WHAT IS EXPECTED: Your output should be the lines below from the one with "Grasmere Stool Grey Velvet Seat Image" through the one with "Image of milo", copied exactly, pictures excluded.

◆ ◆ ◆ ◆ ◆

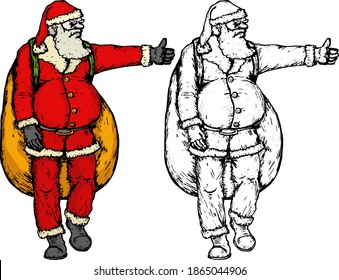 Santa Claus with backpack of Christmas presents raise his thumb to hitchhike for a ride. Hand drawn vector illustration.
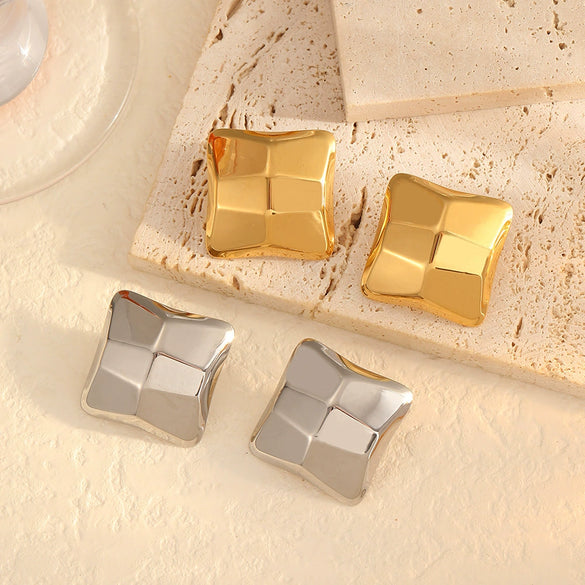 Fashion Square Design Stainless Steel Earrings With Geometric Pattern And Electroplating Treatment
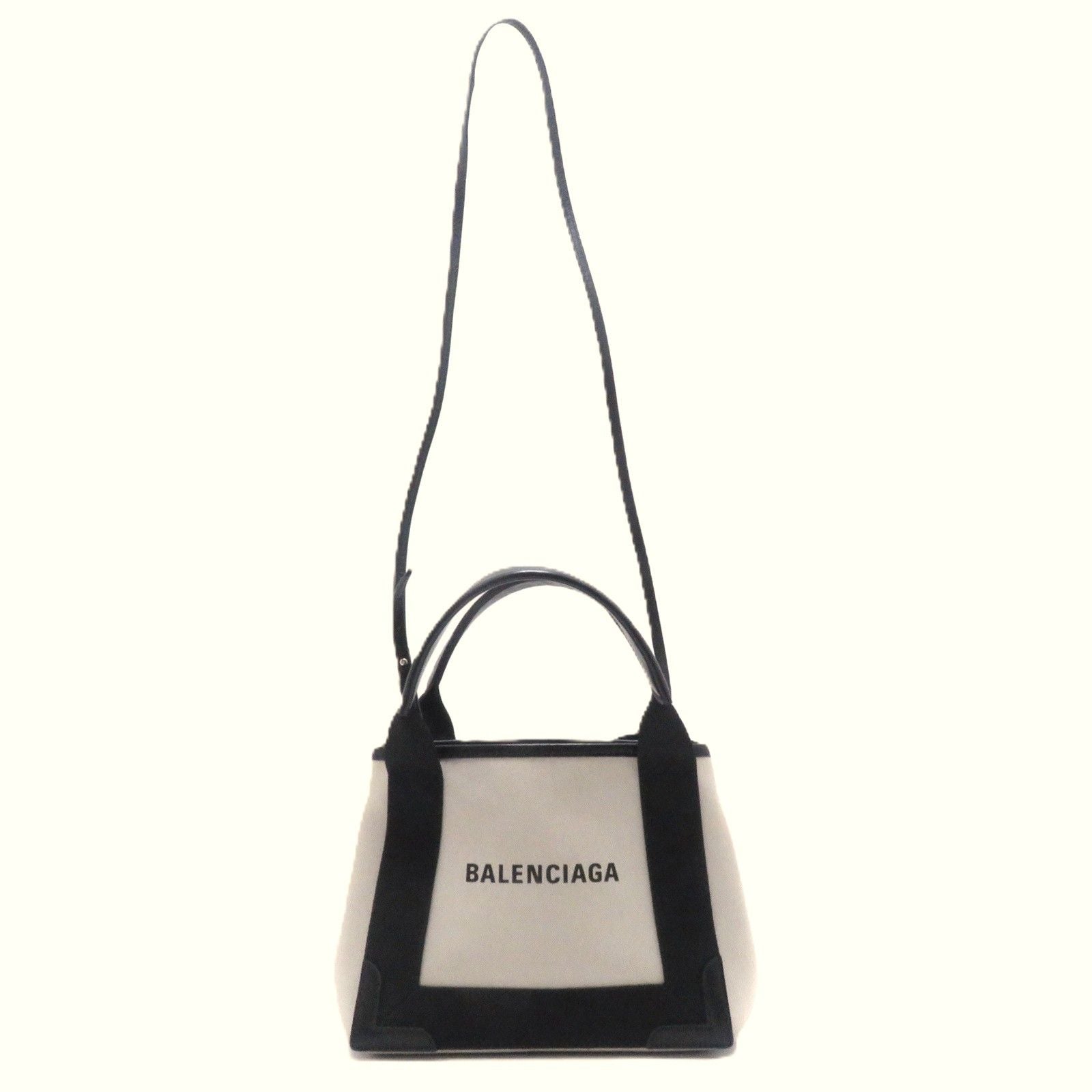 Balenciaga Navy Cabas XS Natural Black Canvas Leather Shoulder Bag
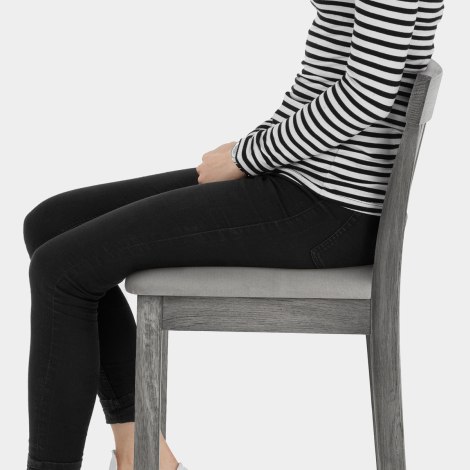 Grasmere Stool Grey Velvet Seat Image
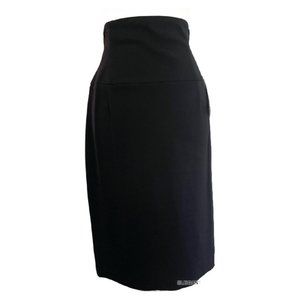 Kenneth Cole Reaction Black Pencil Skirt 4 Midi Knit Stretch High Waist Office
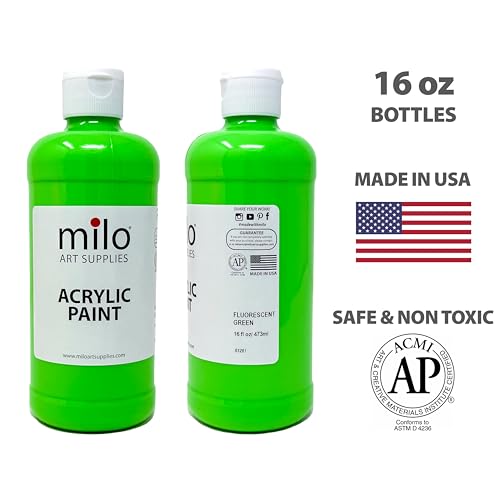 Image of milo Fluorescent Acrylic Paint Set, 6 Neon UV Colors, 16 oz Bottles | Glows in Black Light, AP Certified Non-Toxic, Made in USA, Arts & Crafts Paints for Artists, Student, Hobby Painters, Mixable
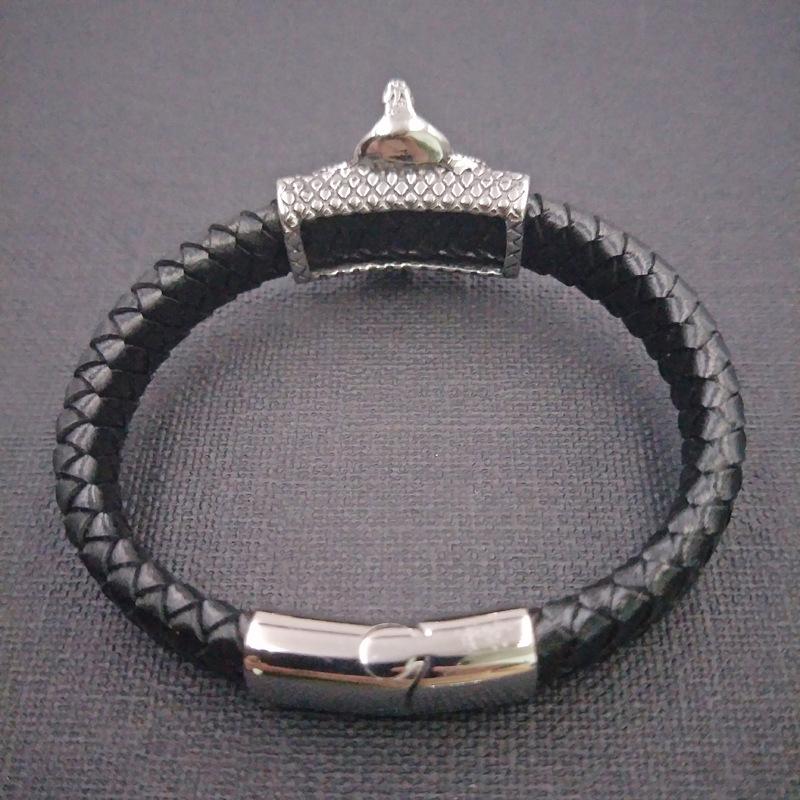 Stainless Steel Retro Jewelry, Titanium Steel Men'S Leather Rope Bracelet, Cobra Bracelet.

◆ ◆ ◆ ◆ ◆

RESPONSE AREA:
 Grasmere Stool Grey Velvet Seat Image
 Kenneth Cole Reaction Black Pencil Skirt 4 Midi Knit Stretch High Waist Office
 Image of milo Fluorescent Acrylic Paint Set, 6 Neon UV Colors, 16 oz Bottles | Glows in Black Light, AP Certified Non-Toxic, Made in USA, Arts & Crafts Paints for Artists, Student, Hobby Painters, Mixable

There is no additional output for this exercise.